Approximately 750,000 adults in the United States (US) have end-stage kidney disease (ESKD), where they
require either dialysis or a kidney transplant in order to survive. Although in-center hemodialysis (HD) is the
most common treatment for ESKD, it is associated with extremely high costs and poor health outcomes.
Advances in communications technologies, combined with broad access to these technologies, have led many
US policymakers and healthcare providers to champion telehealth as a way to improve access to care and to
reduce costs in various healthcare settings, including the monitoring and treatment of patients with chronic
disease. Until recently, regulatory barriers have effectively prohibited physicians from using telemedicine to
deliver in-center HD care. This changed in March 2020, when emergency waivers issued in response to the
COVID-19 pandemic allowed nephrology practitioners (nephrologists and advanced practitioner providers
(APPs)) to deliver up to 4 encounters per month to HD patients via telemedicine. In the context of existing care
gaps and inefficiencies associated with the current system of physician reimbursement for dialysis care, there
are several ways in which telemedicine might improve dialysis care. Medicare’s 3-tiered monthly capitated
payment (MCP) system of reimbursing physicians for in-center HD care encourages nephrologists to see
patients up to 4 times per month, often with little or no benefits resulting from frequent visits.
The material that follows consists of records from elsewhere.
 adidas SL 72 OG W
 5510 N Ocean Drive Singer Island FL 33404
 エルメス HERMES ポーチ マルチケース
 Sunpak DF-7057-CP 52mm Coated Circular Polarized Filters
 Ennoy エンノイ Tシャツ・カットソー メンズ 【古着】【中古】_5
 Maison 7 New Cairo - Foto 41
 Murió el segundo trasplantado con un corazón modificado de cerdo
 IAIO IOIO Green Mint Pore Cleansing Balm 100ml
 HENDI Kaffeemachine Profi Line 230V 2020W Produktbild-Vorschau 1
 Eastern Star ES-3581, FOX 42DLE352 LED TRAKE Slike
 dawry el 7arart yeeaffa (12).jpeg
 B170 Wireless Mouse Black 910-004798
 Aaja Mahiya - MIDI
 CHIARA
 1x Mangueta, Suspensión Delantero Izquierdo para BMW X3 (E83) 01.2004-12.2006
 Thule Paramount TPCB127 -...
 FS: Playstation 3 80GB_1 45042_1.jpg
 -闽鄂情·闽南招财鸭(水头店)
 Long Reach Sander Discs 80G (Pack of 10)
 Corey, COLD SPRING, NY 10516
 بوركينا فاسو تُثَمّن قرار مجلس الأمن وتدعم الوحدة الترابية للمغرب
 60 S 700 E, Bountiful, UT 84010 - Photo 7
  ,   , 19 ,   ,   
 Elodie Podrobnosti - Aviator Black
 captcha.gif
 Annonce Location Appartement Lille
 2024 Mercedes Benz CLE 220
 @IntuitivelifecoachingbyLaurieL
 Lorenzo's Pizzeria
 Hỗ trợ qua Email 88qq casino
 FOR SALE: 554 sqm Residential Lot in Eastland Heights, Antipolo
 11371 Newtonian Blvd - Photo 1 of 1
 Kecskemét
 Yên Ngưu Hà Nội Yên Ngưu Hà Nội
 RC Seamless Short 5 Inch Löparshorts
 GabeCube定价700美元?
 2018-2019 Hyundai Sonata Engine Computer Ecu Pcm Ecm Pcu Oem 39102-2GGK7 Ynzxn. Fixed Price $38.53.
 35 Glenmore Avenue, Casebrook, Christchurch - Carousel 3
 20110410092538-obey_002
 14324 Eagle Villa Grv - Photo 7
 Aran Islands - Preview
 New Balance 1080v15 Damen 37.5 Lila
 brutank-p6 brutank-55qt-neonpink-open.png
Paradoxically,
patients most likely to benefit from closer nephrology supervision (such as those recently discharged from the
hospital) are, on average, less likely to be seen frequently. By reducing the amount of time nephrologists
spend traveling to dialysis facilities to see patients frequently, telehealth could make it easier for practitioners to
align their rounding schedules with the needs of their patients and could reduce costs associated with time
spent traveling. Alternatively, if telehealth is used to replace interactions that are better conducted face-to-face
(such as vascular access examinations or dry weight assessments) or to see patients frequently who don’t
require closer supervision, then the adoption of telehealth could impair health and increase costs. We propose
3 specific aims that will leverage the recent increase in the use of telehealth following the COVID-19 outbreak
in order to assess the uptake of telemedicine for in-center maintenance HD care, to understand whether the
use of telehealth for in-center HD practitioner care affects healthcare costs and patient health outcomes, and to
describe patient and provider perspectives on telehealth in in-center HD. We propose a mixed-methods
approach that includes secondary analyses of several large administrative dialysis databases which we will
complement with semi-structured interviews of nephrology practitioners. When the current emergency waivers
granting broad access to telehealth end, policy makers and the clinical community will need to determine the
future role of telemedicine for in-center HD care. Our findings will inform these decisions by providing crucial
information about the benefits and potential dangers of telemedicine in this setting.